Mean absolute error in months as a function of skeletal development stages for different sexes. Different colors on the plot correspond to different regions of a radiograph. For males and females the development stages are labelled at the bottom of each plot.

Following [3, 8], we also consider four major skeletal development stages: pre-puberty, early-and-mid puberty, late puberty, and post-puberty, see Fig. 6. Infant and toddler categories were excluded due to scarcity of data. Unlike Lee et al. [8], we do not observe better results when training on carpal bones compared to other areas. With two exceptions (pre-puberty for males and post-puberty for females), metacarpals and proximal phalanges provide better accuracy than carpals do. Gilsanz and Ratib [3] suggest carpal bones as the best predictor of skeletal maturity only in infants and toddlers. Thus, we find no sound evidence to support the suggestion that carpal bones can be considered the best predictor in pre-puberty. For both sexes the accuracy peaks at late-puberty, the most frequent age in the dataset, showing the influence of the dataset size on the performance.
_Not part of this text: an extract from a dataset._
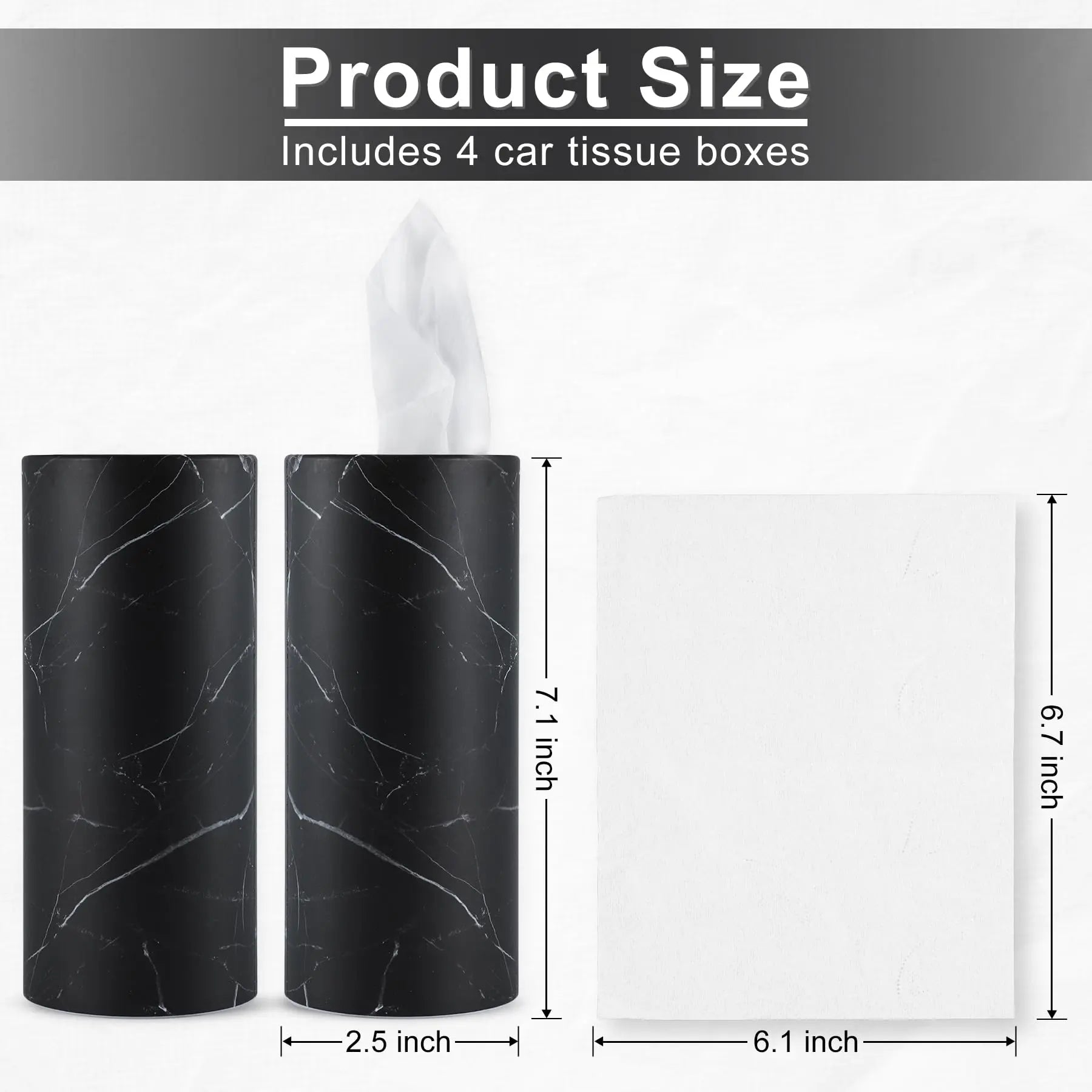 SINGARO Car Tissue Holder, 4 Pack Car Cup Holder Facial Tissues with Travel Tissue Bag, Quick and Convenient Flower Combination Car Tissue Box(4 Canisters/200 Tissues) Black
In the RSNA2017 Pediatric Bone Age Assessement challenge, our solution has been evaluated using the test set consisting of 200 radiographs. Based on organizers’ report our method achieves MAE of 4.97 months, higher than local validation, possibly due to the better image or label quality in the test set.

4 Conclusion

In this study, we suggest a deep learning-based approach to the problem of the automatic BAA. Despite the challenging quality of the radiographs, our approach demonstrates robust results and surpasses existing automated models in performance. By using different hand zones, we find that BAA can be done just for carpal bones or for metacarpals and proximal phalanges with around 10–15\(\%\) increase in error compared to the whole hand. Our approach can be improved by either using more powerful deep networks or increasing the training set size.